I'm currently doing a ML project (the goal is simply to clean the data set and apply some of the models we learned , like Random Forests, Ensemble learning, etc, and test the results) for a class and I'm cleaning my data set. It's about hotels/homestays and it has a couple of rows that correspond to review scores for different parameters (cleanliness, location, etc). It has another row that corresponds to the number of reviews that a certain hotel has.
The problem is, several hotels/homestays have a value of 0 in the number of reviews (they have no reviews maybe because they are new places??), so in those hotels/homestays there are NaN values in the other reviews columns (like cleanliness, etc).
I'm really torn on how to deal with this NaN. Obviously, dropping the rows is a bad idea, as these observations are about 10% of the overall data, which is quite a lot.

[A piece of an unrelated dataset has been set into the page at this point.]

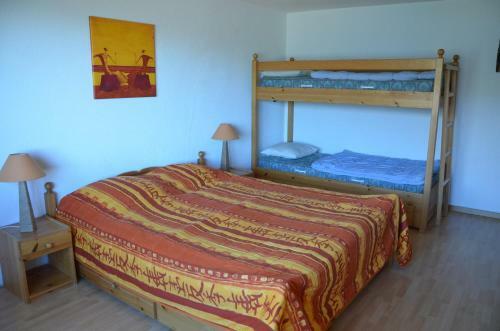 Apartamento Immeuble Les Aiglons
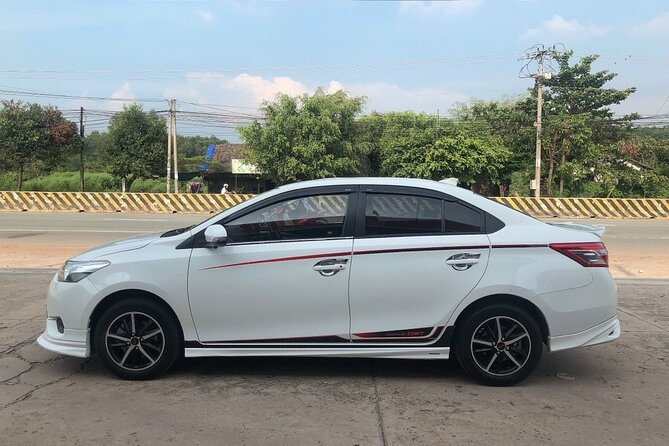 (TOP) Private car: Ho Chi Minh Airport (SGN) from/to Mui Ne - The drive: what to expect during the 2.5 to 3 hour ride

My question is: 1. Should I just assign a certain value (like -1, 0, something like that) to these cells that have a NaN value due to the fact that the corresponding hotels/homestays have 0 reviews, and therefore kind of ''grouping'' all of the places that are new/have no reviews OR 2. Should I try to fill those cells with either the mean of the columns, with interpolation or with a prediction algorithm? If i do this, though, it would make sense to transform the 0's in the number of reviews to NaN and then also filling them with another value, right? Because otherwise I'd have values in the reviews columns while the last_review column would indicate that that place has 0 reviews (which wouldn't make much sense).
Sorry for the long question and thanks in advance for taking the time to read this!!